Do you consider yourself part of a horror community?

Absolutely.

When you’re building the world of your film, where do you look for inspiration?

Cheerbleeders takes place at my actual high school in Blackfoot, Idaho. I hated high school. My biggest regret is that I didn’t make make the fictional version of my high school horrible enough.

What would you do if you woke up inside of your film?

Stay home a practice “social distancing”. This also happens to be what I’m doing as I write the answers to these questions.

Who would be on your ultimate horror director squad?

I have this idea that there were four fillmmakers in the 1980s that were making films that were in conversation with each other. Sam Raimi (Evil Dead), Peter Jackson (Dead Alive), Don Coscarelli (Phantasm), and Stuart Gordon (Re-Animator).

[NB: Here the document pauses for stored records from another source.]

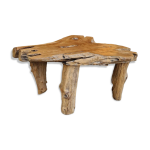 Table basse brutaliste en teck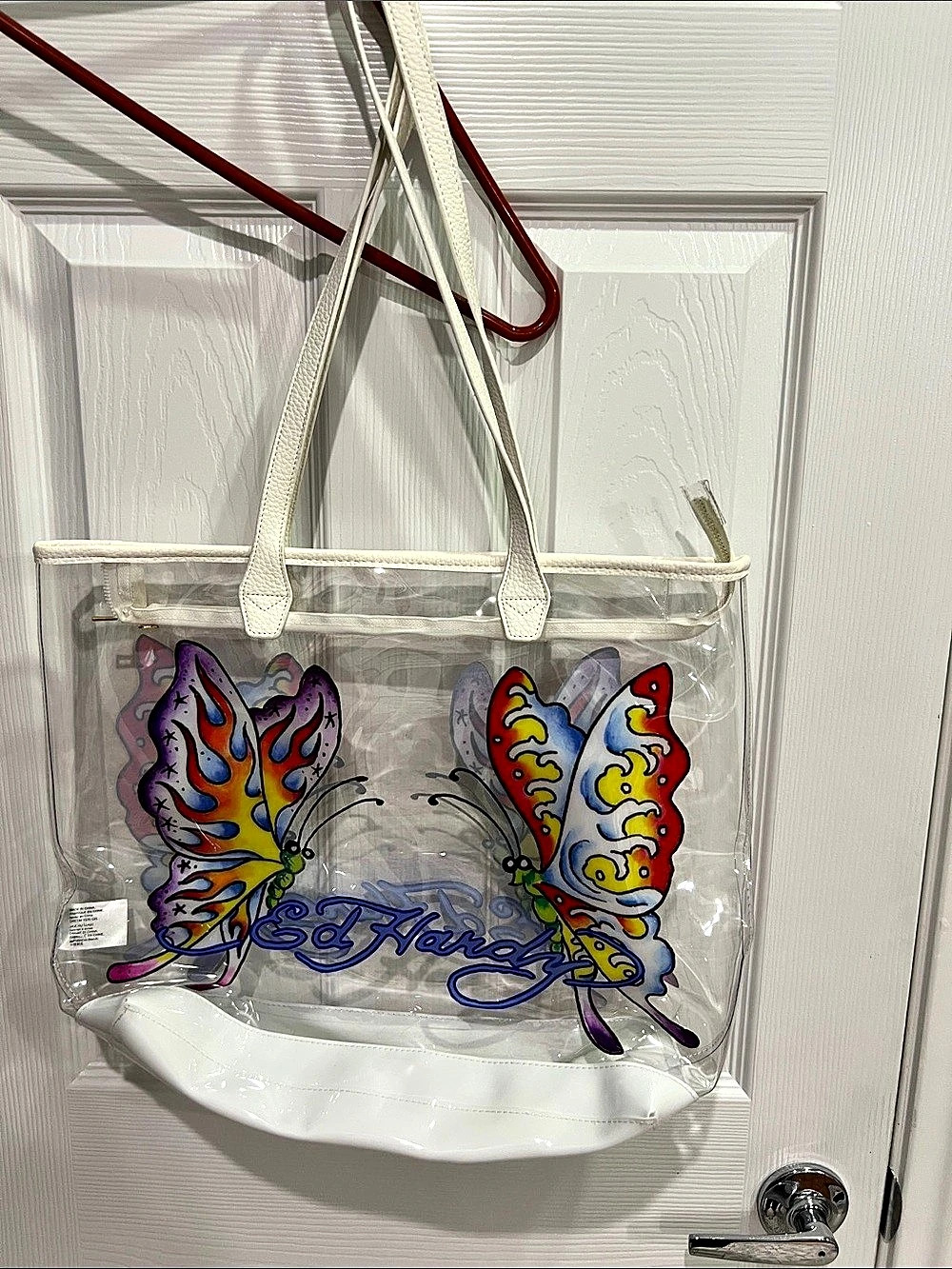 Ed Hardy Butterfly Clear PVC Large Tote Bag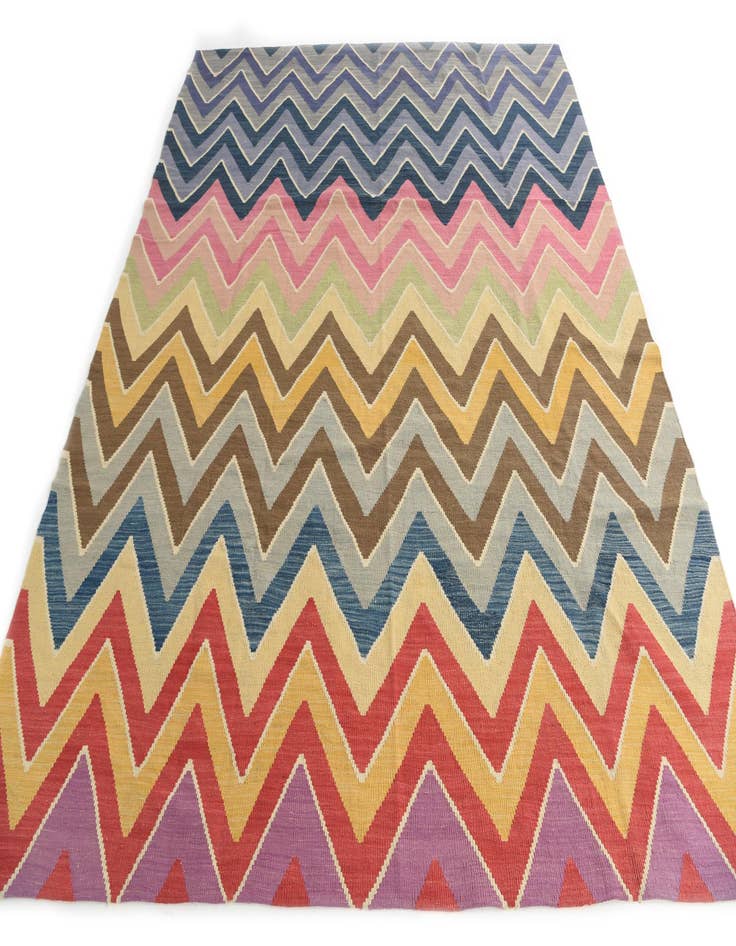 Detail image of  8' 5 x 9' 10  Hand Woven Kilim Modern Wool Rug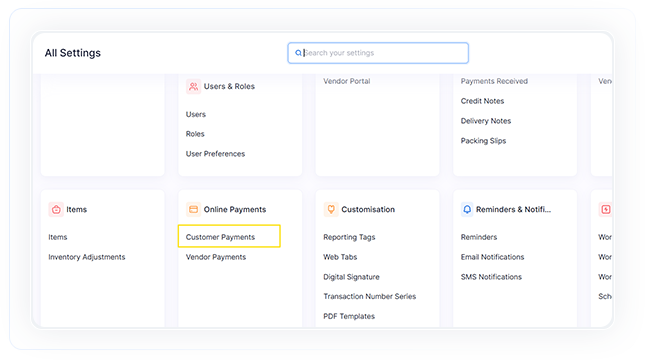 Click on customer payment under section online payments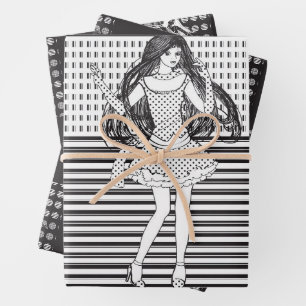 Feuille De Papier Cadeau petite amie dansante dans le noir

Lightning round: Freddy or Jason? Stephen King or H.P. Lovecraft? Practical or CGI? Post Apocalypse or Pre Apocalypse?

Freddy. (He’s more charming.) H.P. Lovecraft. (He’s much weirder.) Practical. (Practical effects are Lindy.) Post Apocalypse. (Follow @NPRmageddon of Twitter!)

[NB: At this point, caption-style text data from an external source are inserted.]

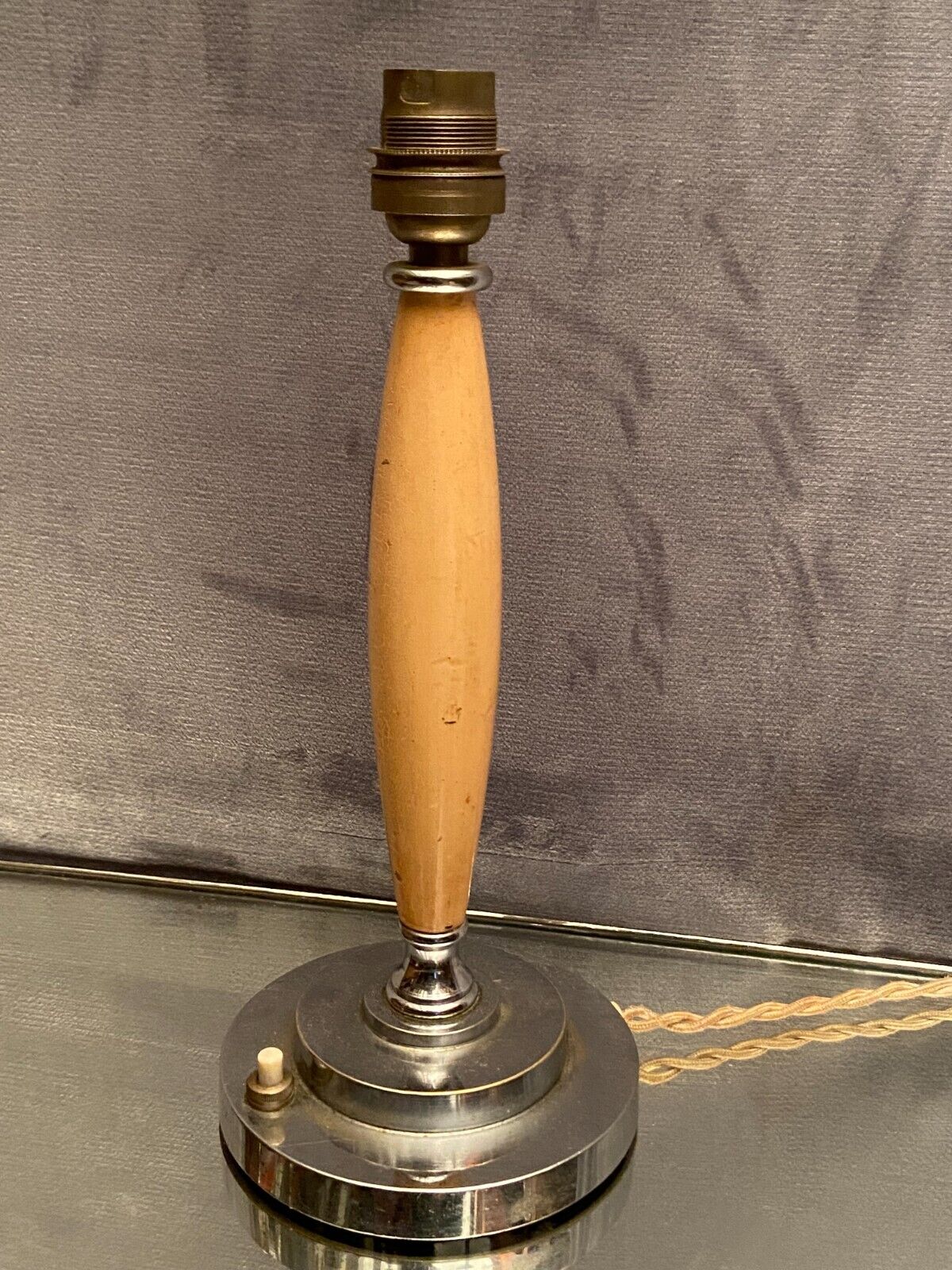 Wooden lamp foot on chromed metal frame design 1930-1950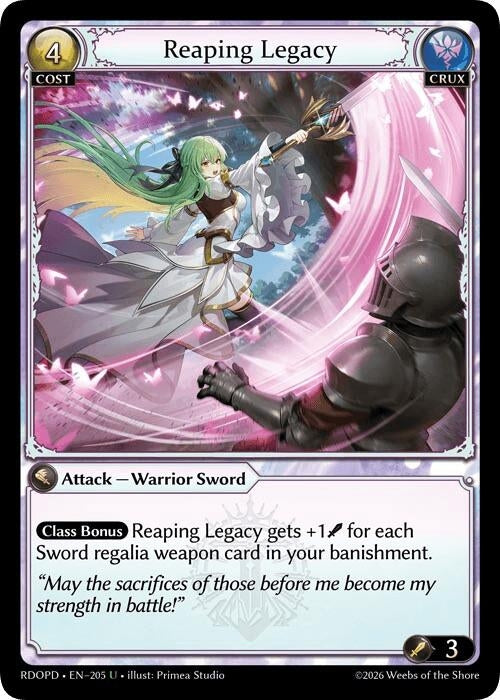 Image for Reaping Legacy (205) (Radiant Origins: Pantheon) - Grand Archive TCG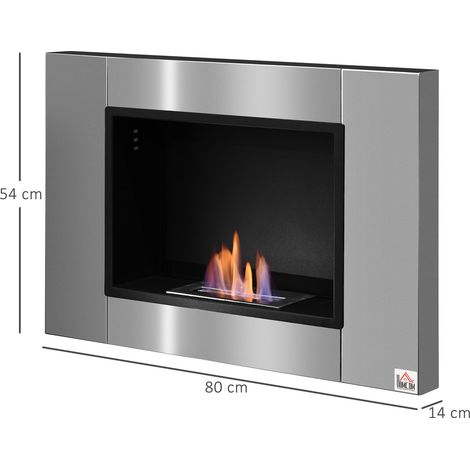 Cheminée bioéthanol Murale encastrable brûleur 0,9 L, environ 3 h de durée de combustion 80L x 14l x 54H cm Couverture 25-30 m² Acier inox (1/5)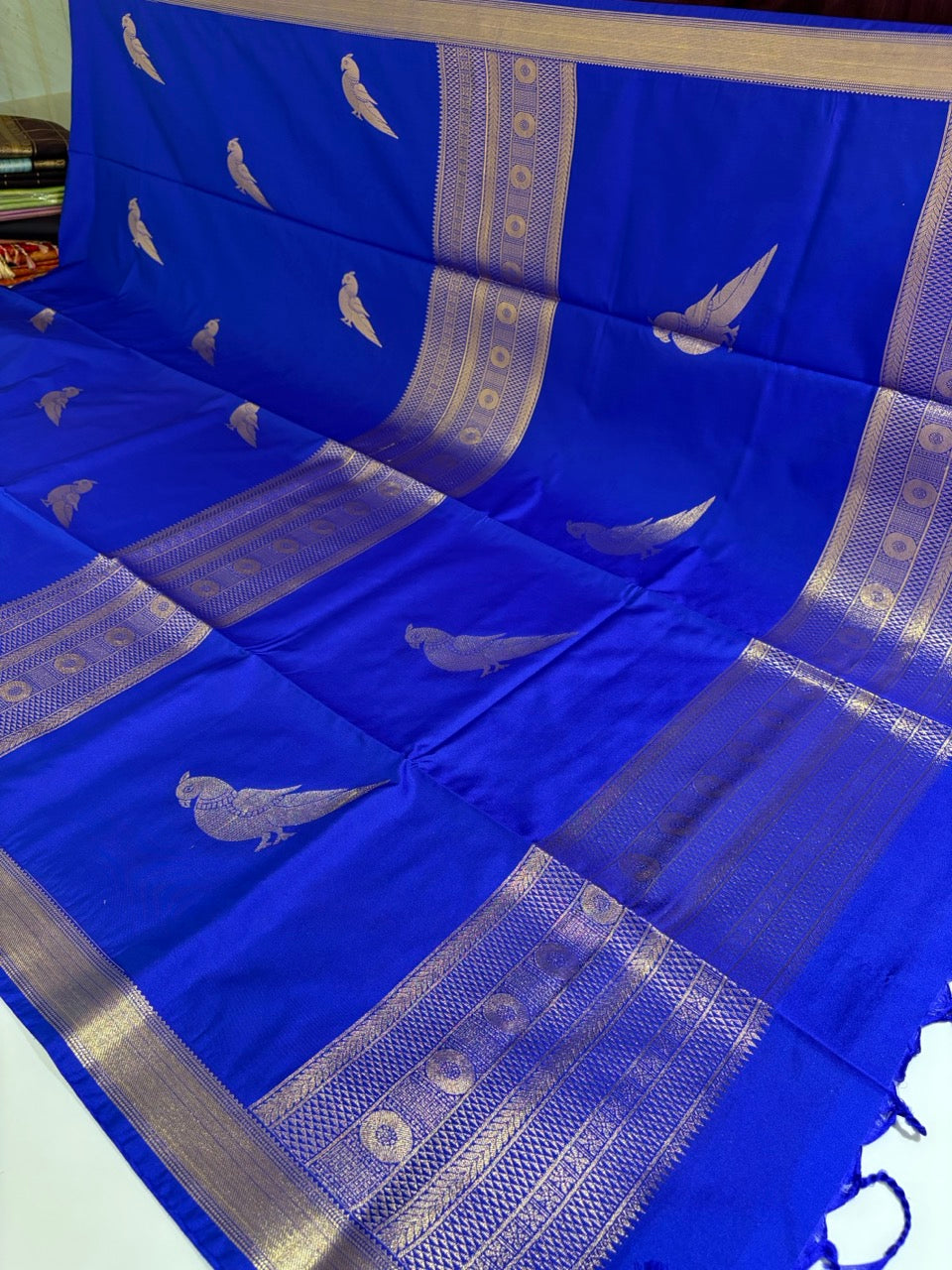 Royal Blue Colour Semi Soft Silk Saree with Parrot Butta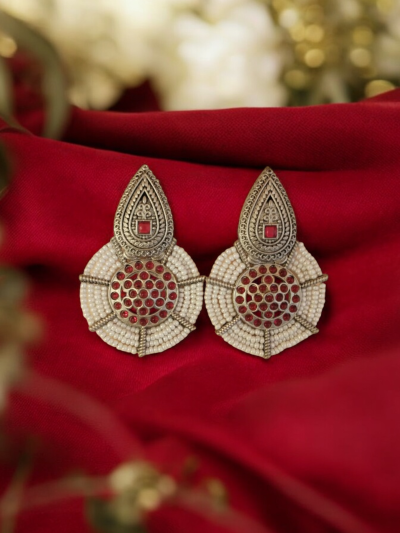Silver-Toned Red Stone Studded White Oxidised Drop Earrings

How do you go about creating the props and sets for your film? How do you create objects that are relatable but unfamiliar?

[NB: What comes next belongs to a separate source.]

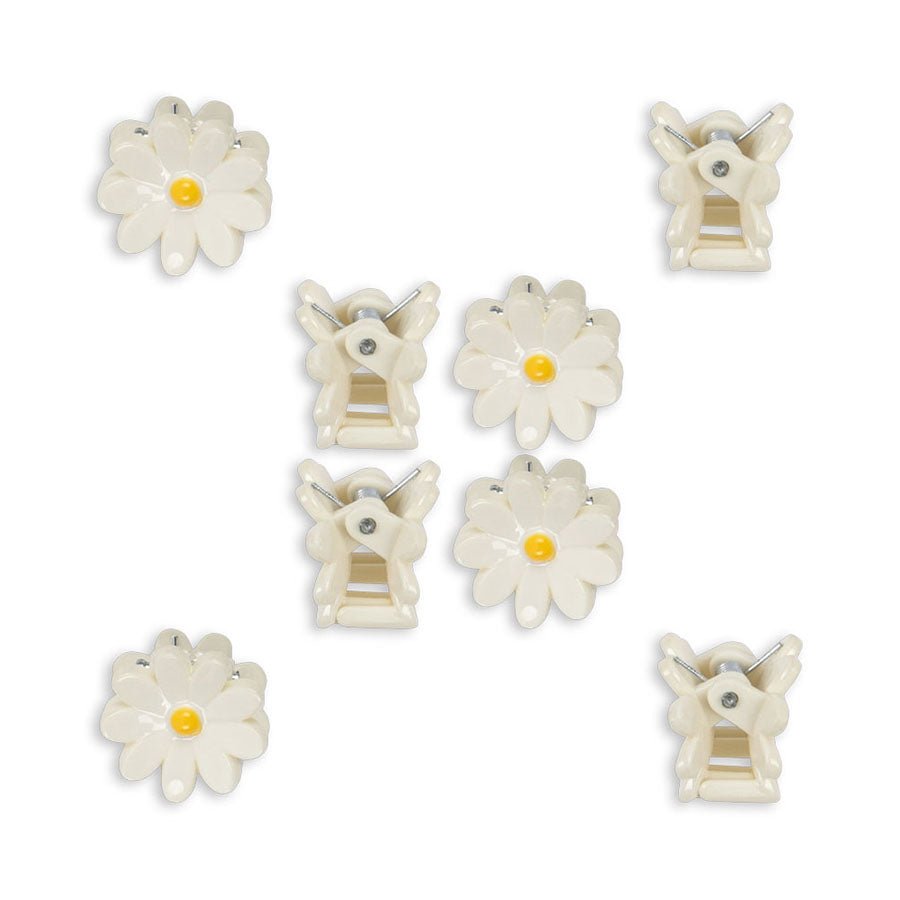 Konges Sløjd 8 - Pak Daisy Mini Hår Klemmer, Antique White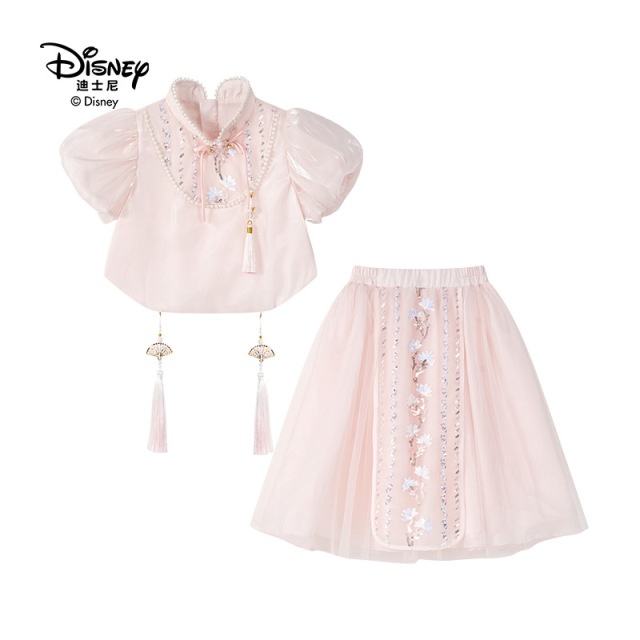 13641789.Disney/迪士尼夏季国风时尚短袖半身裙套装夏季清凉国潮两件套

My producer Nicole Phillips boyfriend at the time was an artist. He made two Greek urns for the film. We broke one and I kept the other one. The image on the urn is a taken from an ancient plate depicting a scene from Euripides’ The Bacchae that mimics a similar scene in the film.

What scares you, and does it inspire your storytelling?

I’m afraid of dying. I’m afraid of physical pain. This inspires my storytelling because I reflect on painful ways of dying that would look cool.

And finally, Ghostface would like to know ‘What’s your favourite scary movie that very few people know about?’

There’s this fantastic film call “The Strangler” from from 1964 that is worth your time to seek out. It stars Victor Buono, who played King Tut in the kitchy Bat-man TV show from the 1960s, as guy who strangles women to satify his carnal desires. This is a film where killer is the main character. It’s pretty twisted and vitually unknown.